Im Stadtkern muss man lediglich einer gestrichelten roten Linie auf Bürgersteigen und über Straßen folgen und kommt so an vielen wichtigen Gebäuden und Schauplätzen der Stadtgeschichte vorbei. Anhand ausführlicher Informationstafeln in drei Sprachen sind für Besucher der Stadt alle wichtigen Informationen aufbereitet. So ist es ein Leichtes, sich kundig zu machen.
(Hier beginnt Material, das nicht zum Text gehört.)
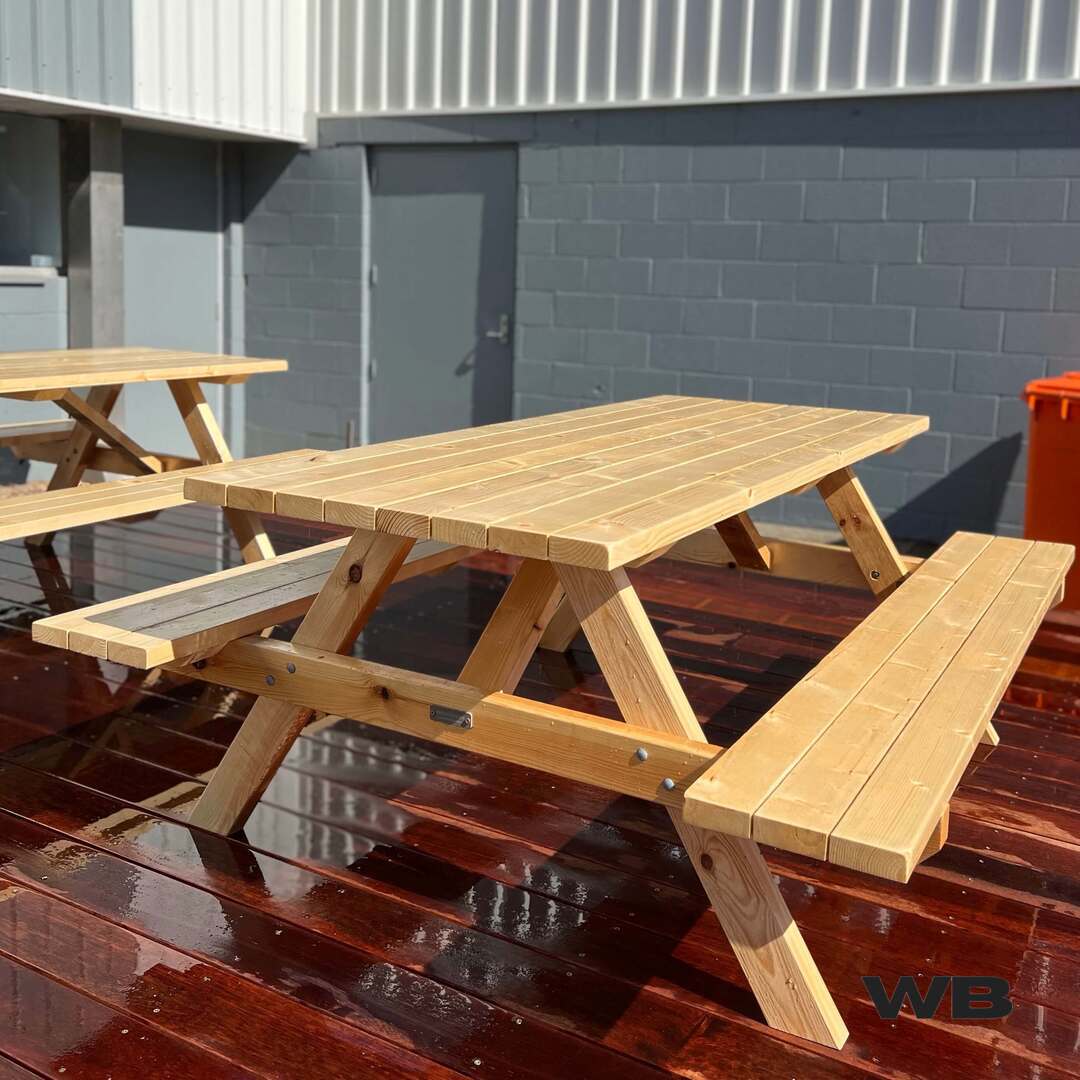 1.8m Picnic Table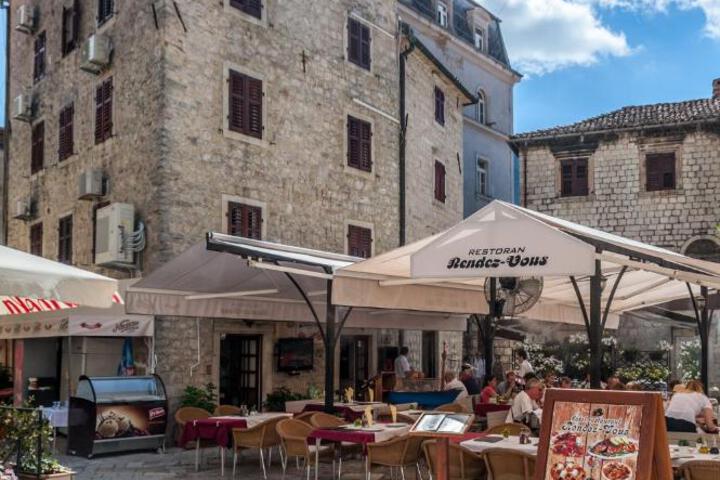 Hotel Rendez Vous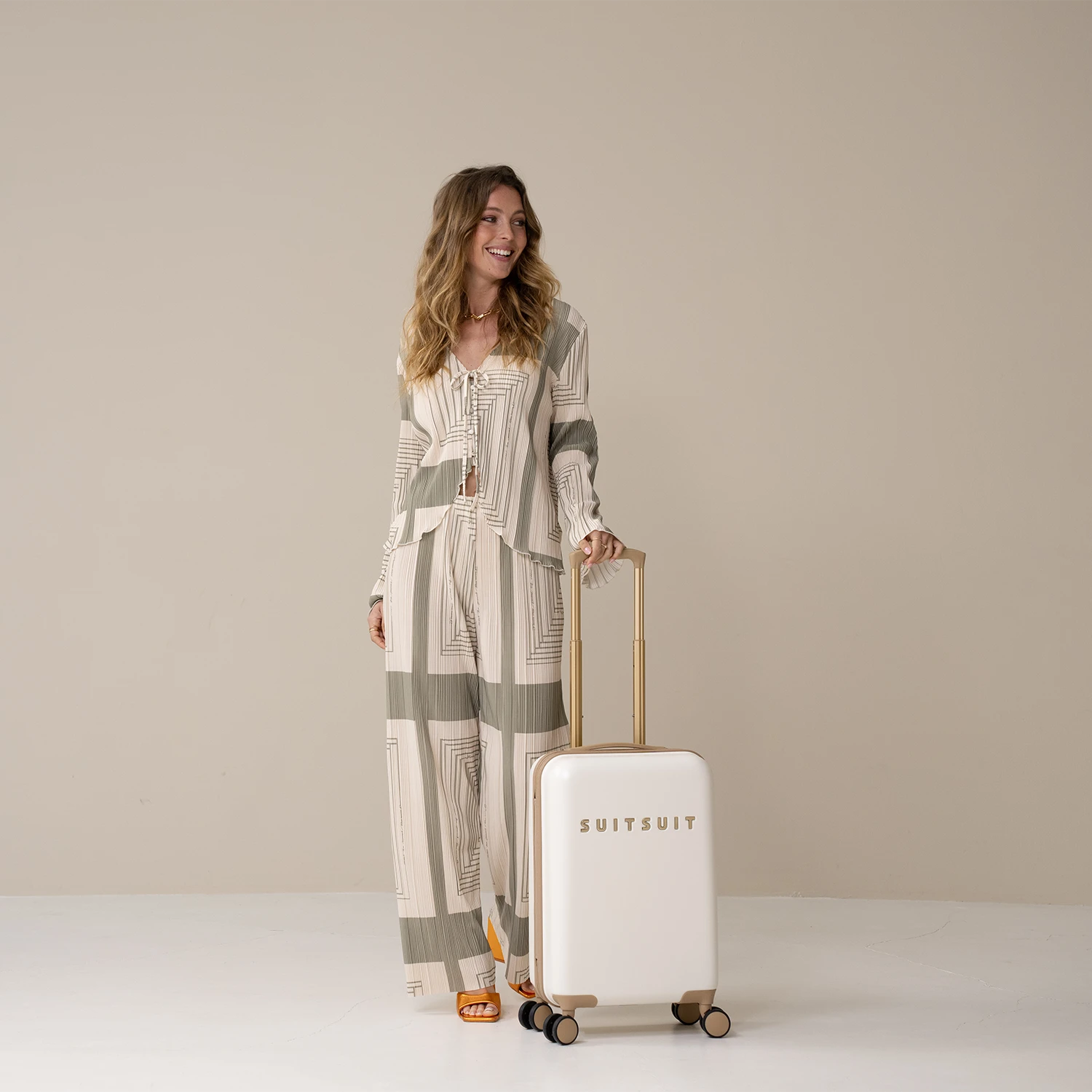 Fusion - White Swan - Full Package Set (55 CM) 2 Fusion - White Swan - Full Package Set (55 CM) - Afbeelding 2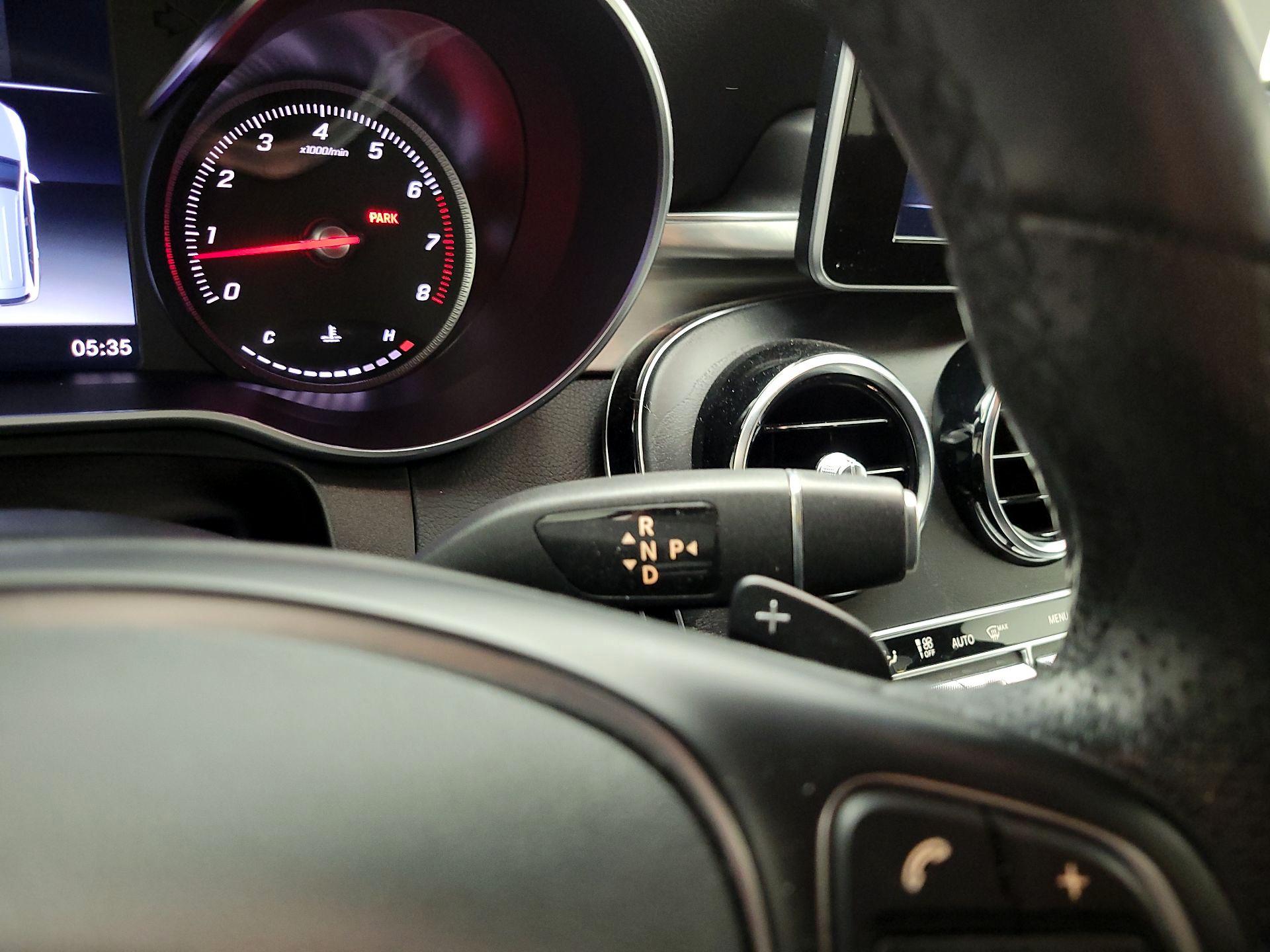 Thumbnail: 2019 Mercedes-Benz GLC - 16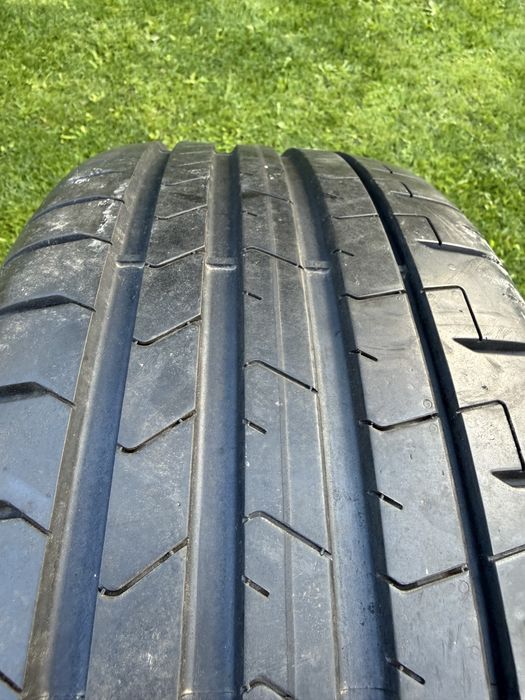 Шина Pirelli P Zero 235/45/20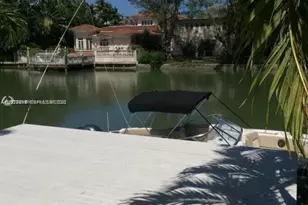 3921 N Meridian Ave, Miami Beach, FL 33140 - Photo 9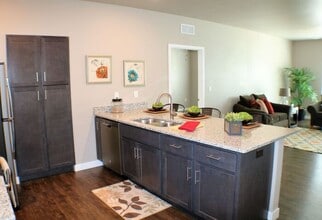 1825 Caleb Ct in North Liberty, IA - Building Photo - Building Photo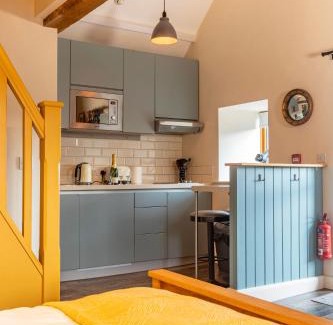Llanhamlach Apartment | Captains Lookout (Studio apartment)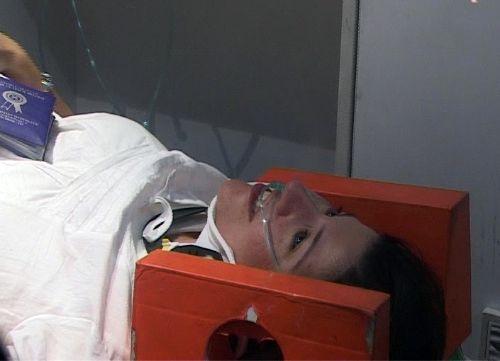 Takla atan otomobilde bulunan 7 aylık hamile Burçak Müge Vural hafif yaralı olarak kurtarıldı ve hastaneye kaldırıldı
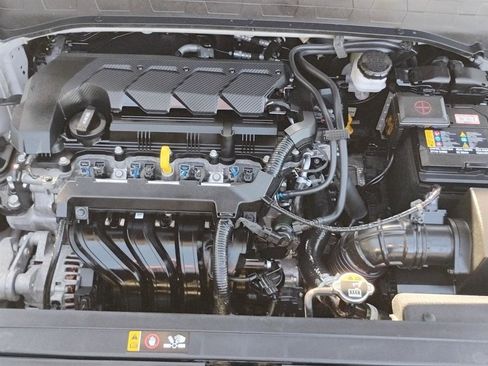 Used 2025 Hyundai Venue SEL FWD image 30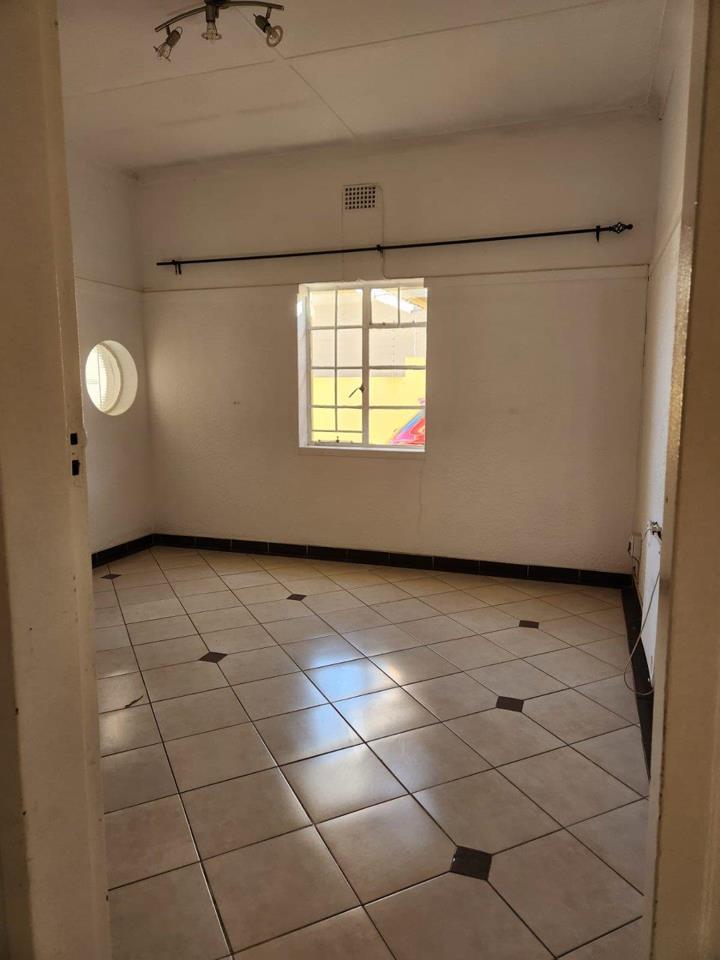 3 Bedroom Property for Sale in Crosby Gauteng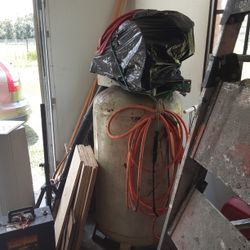 air compresor New https://offerup.com/redirect/?o=bW90b3IubmV3 compresor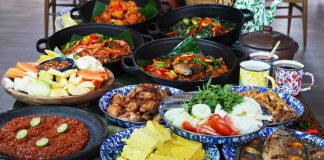 Pawon Jenggolo : Hadirkan All You Can Eat Sajian Khas Nusantara di fave hotel Sidoarjo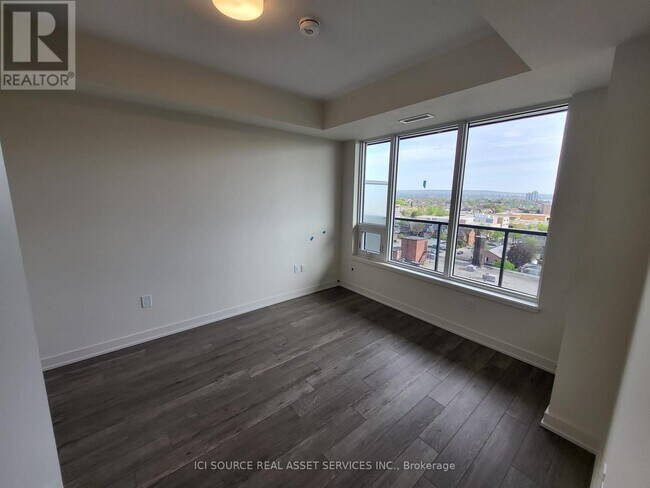 Building Photo - 212 King William St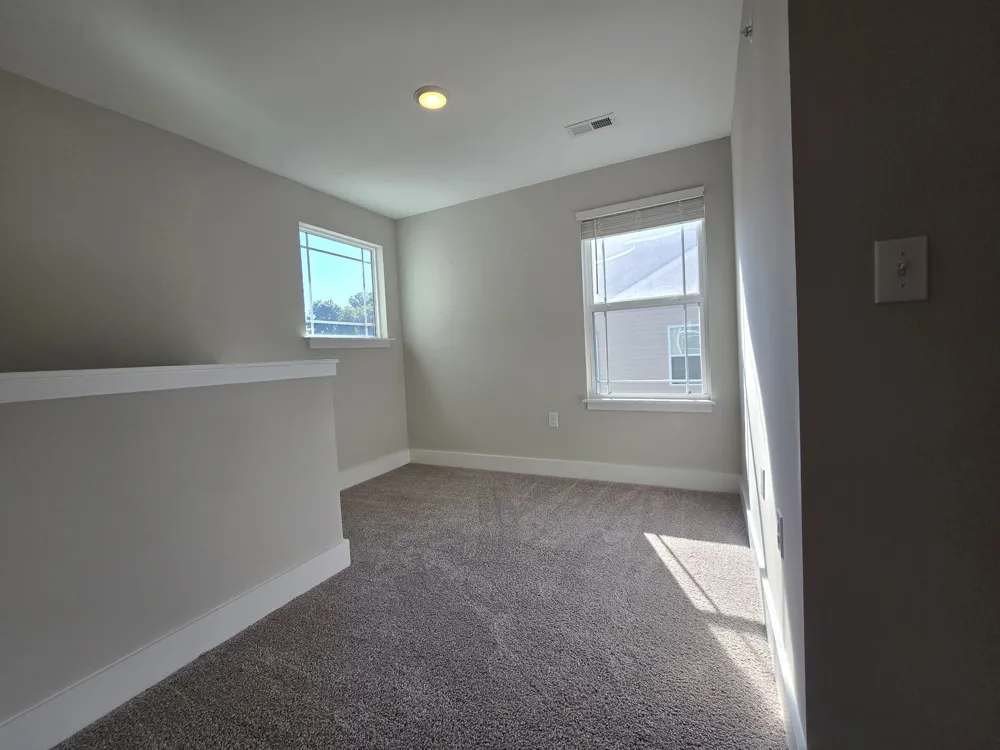 6006 Hillside Ln Spring Hill, TN 37174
Auf diese Weise erfuhren wir Stettin-Besucher also, dass Katharina die Große als Prinzessin Sophie von Anhalt-Zerbst im Stettiner Schloss geboren wurde. Ihr Vater, Fürst Christian August von Anhalt-Zerbst war damals preußischer General und Gouverneur von Stettin und wird das junge Mädchen später als 14jährige nach Moskau verheiraten. Bei unserem Stadtrundgang entdeckten wir die neu gebaute Philharmonie, eine zeitgenössische Architekturikone.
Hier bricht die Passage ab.